In the meantime, anyone planning an edible garden can certainly get their ducks in a row. Many experienced gardeners have already laid out their crop schedules, including when to sow seeds indoors. For those of you with less experience, there is a lot of good information available that will help you achieve your goal of growing some of your own herbs and vegetables.
If you are looking at a seed sowing schedule from any type of resource, there are a few important things to keep in mind:
- Be sure to plan to grow food you and your family will enjoy eating.
- Do a bit of research to ensure what you plan to grow will thrive in a northern garden.

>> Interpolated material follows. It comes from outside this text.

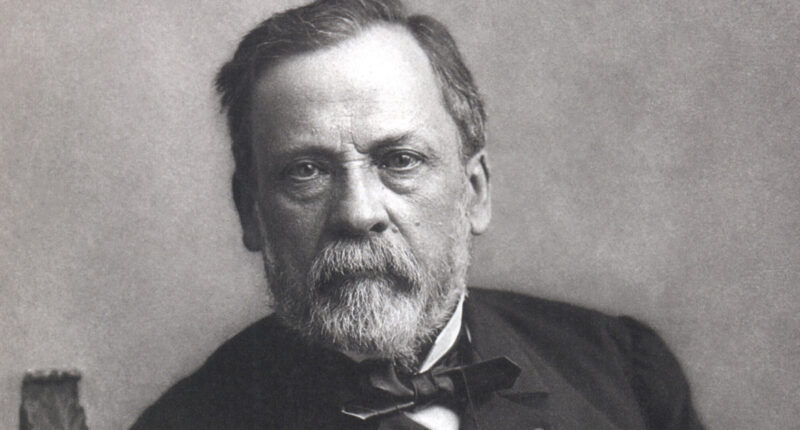 หลุยส์ ปาสเตอร์ (Louis Pasteur) นักเคมี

As much as you love sweet potatoes, we simply don’t have a long enough growing season for this crop.
- Be aware that we live in zone 4b to 5a on the plant hardiness scale. Our later northern spring will factor into how early seeds appropriate for starting indoors are sown. Resources that reference planting tender plants like cucumber, tomato and peppers on the May long weekend do not have a realistic timeframe for us. Local farmers wait until after the full moon in June to plant tender crops. Some experienced gardeners will push the envelope but always have frost blankets on hand, or a space to bring in plants during cold spells.
- Make sure you are clear on what crops CAN successfully be started indoors to get a jump on the growing season and those that are best sown directly into the garden.

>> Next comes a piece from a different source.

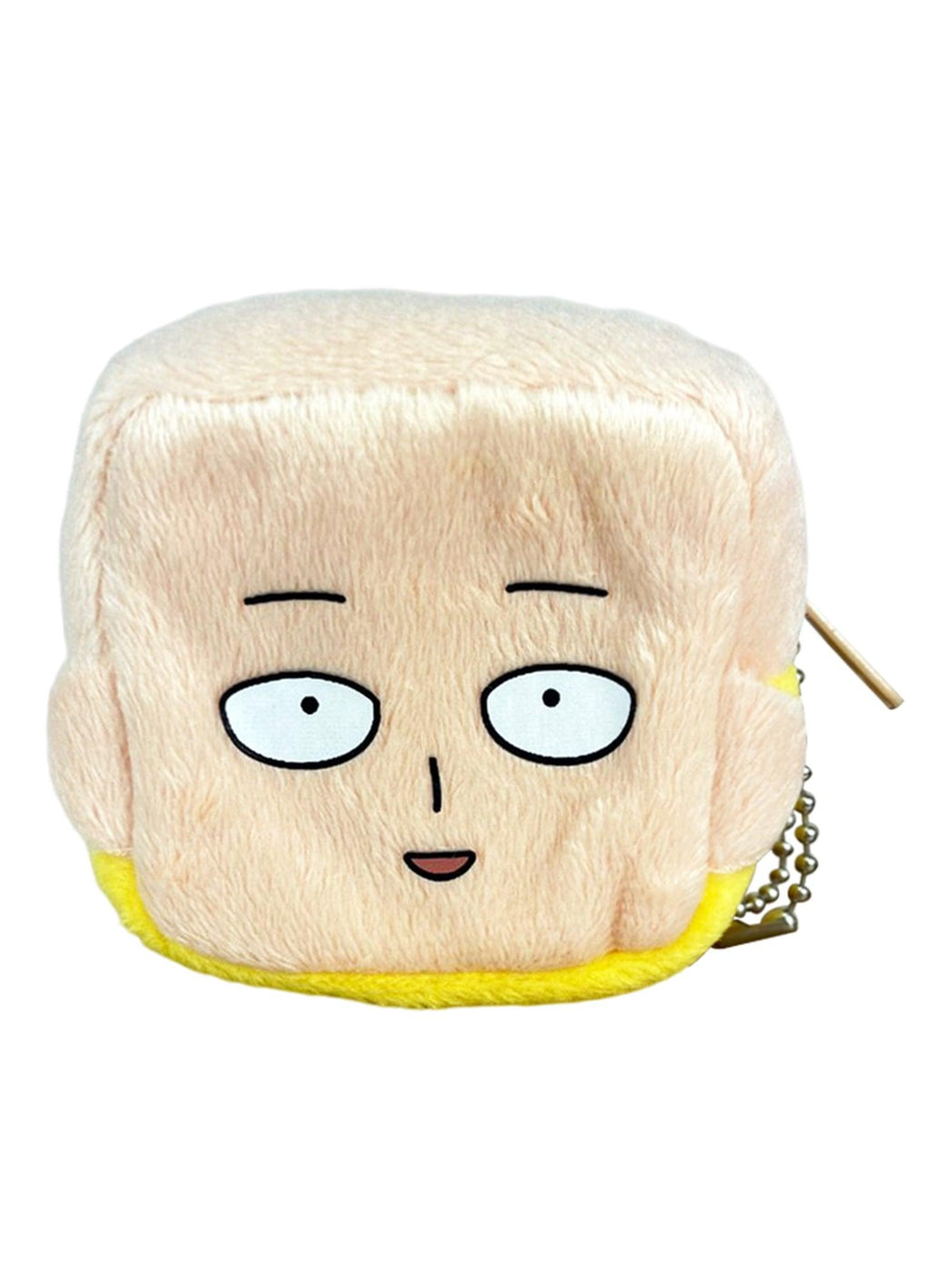 One Punch Man - Saitama Cube Coin Purse - Great Eastern Entertainment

- Source out seeds from local businesses, seed swaps, group trades or online stores.
- Be sure you have the space with appropriate light to start seedlings indoors. You will need bright light from south or west windows or grow lights to produce healthy seedlings that can transition to outdoors at the appropriate time.
- Be realistic about the space you have and start on a small scale if this is your first time.
- When doing your research, take note of seed types that need special care pre-sowing to germinate well. Some seeds benefit from soaking and others don’t require that special treatment. Some seeds need to be planted in damp soil and chilled or frozen to germinate. All this information is available for the crops you want to grow. Resources include seed catalogs, seed package instructions, online vegetable growing blogs or groups and books available at local libraries.
- Be sure to collect all the seed starting supplies you need prior to your start date. If reusing pots or trays, make sure they are very clean. Use good quality growing medium meant for seed starting.
- Be prepared to label everything you plant so there is no confusion later.
- Seeds will germinate faster with the application of bottom heat. I remember my first-time growing plants from seed involved setting freshly seeded trays on top of the fridge. If you don’t have a source for gentle bottom heat, you can certainly purchase a heat mat to set under your trays. A domed tray will also help keep moisture in the soil, so seeds germinate well, and tiny seedlings don’t dry out. However, constantly monitor your seedlings, as too much moisture can result in mould and seedling death.
If this all sounds like a daunting task for those of you new to gardening, you can buy seedlings already growing from local garden centres at a time appropriate for planting. Staff will be able to provide you guidance.
Are you an experienced gardener with some extra time? Why not consider mentoring someone who would love to learn! It will be very rewarding.
If you are a new gardener, don’t hesitate to ask a friend or relative for help.